═════ Source material ═════
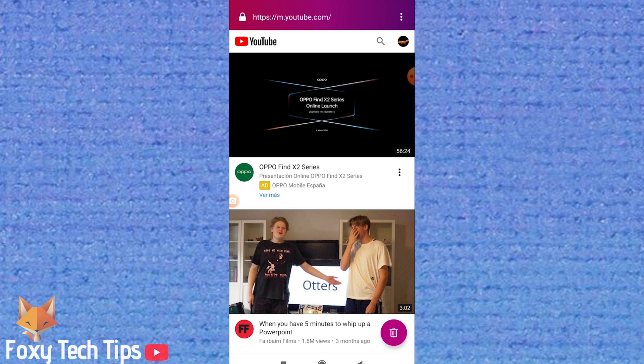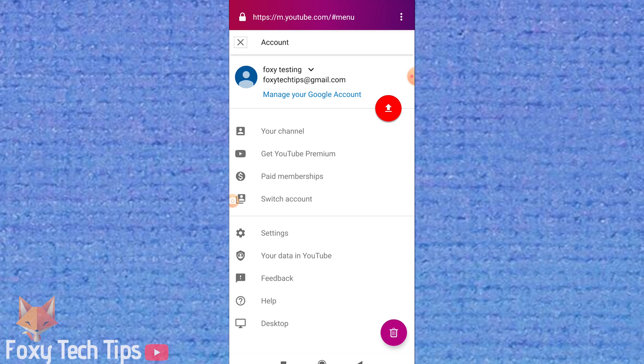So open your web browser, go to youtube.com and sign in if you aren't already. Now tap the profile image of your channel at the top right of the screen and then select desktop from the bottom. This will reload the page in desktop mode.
═════
═════ Source material ═════
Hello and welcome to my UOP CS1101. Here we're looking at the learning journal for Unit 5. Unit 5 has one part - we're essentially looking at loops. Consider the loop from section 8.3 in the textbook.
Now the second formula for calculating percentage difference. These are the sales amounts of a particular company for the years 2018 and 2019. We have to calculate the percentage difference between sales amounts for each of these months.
═════
* Problem requirements
Everything from the line with "Hello and welcome" through the line with "Now the second" in the listing above must be retyped exactly, with nothing added.

* The answer
Hello and welcome to my UOP CS1101. Here we're looking at the learning journal for Unit 5. Unit 5 has one part - we're essentially looking at loops. Consider the loop from section 8.3 in the textbook.
Now the second formula for calculating percentage difference. These are the sales amounts of a particular company for the years 2018 and 2019. We have to calculate the percentage difference between sales amounts for each of these months.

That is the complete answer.